EXERCISE OBJECTIVE :: Output exactly those lines of the data that lie between the line containing "小香风菱格闪钻宽面戒指女高级感" and the final line, both ends counted.
[[ EXTRACTED RECORDS, beginning ]]
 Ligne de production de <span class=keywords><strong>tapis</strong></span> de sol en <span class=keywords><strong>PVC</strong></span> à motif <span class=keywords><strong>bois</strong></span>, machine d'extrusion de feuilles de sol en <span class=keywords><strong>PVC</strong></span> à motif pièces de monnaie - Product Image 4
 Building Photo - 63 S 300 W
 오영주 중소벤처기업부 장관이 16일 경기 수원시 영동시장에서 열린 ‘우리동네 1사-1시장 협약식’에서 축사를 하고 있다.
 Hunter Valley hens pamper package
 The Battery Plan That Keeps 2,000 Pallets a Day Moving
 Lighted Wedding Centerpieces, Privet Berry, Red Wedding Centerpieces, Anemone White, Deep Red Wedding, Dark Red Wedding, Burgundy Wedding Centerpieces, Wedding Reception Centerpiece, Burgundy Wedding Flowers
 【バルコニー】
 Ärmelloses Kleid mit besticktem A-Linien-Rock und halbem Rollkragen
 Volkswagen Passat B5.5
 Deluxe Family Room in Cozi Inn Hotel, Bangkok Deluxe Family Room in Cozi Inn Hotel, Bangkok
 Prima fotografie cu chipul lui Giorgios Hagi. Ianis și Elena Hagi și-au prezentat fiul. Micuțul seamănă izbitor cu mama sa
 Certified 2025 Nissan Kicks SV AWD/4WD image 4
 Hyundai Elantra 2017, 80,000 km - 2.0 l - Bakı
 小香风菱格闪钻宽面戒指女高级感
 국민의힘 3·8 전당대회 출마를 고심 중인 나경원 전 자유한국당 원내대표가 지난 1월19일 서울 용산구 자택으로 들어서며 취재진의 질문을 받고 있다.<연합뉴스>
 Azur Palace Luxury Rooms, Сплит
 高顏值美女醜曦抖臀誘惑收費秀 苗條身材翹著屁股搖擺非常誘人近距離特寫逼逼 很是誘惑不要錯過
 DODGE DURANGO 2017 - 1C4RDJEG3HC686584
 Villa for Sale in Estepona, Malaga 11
[[ EXTRACTED RECORDS, end ]]
ANSWER TO THIS TASK ::
 小香风菱格闪钻宽面戒指女高级感
 국민의힘 3·8 전당대회 출마를 고심 중인 나경원 전 자유한국당 원내대표가 지난 1월19일 서울 용산구 자택으로 들어서며 취재진의 질문을 받고 있다.<연합뉴스>
 Azur Palace Luxury Rooms, Сплит
 高顏值美女醜曦抖臀誘惑收費秀 苗條身材翹著屁股搖擺非常誘人近距離特寫逼逼 很是誘惑不要錯過
 DODGE DURANGO 2017 - 1C4RDJEG3HC686584
 Villa for Sale in Estepona, Malaga 11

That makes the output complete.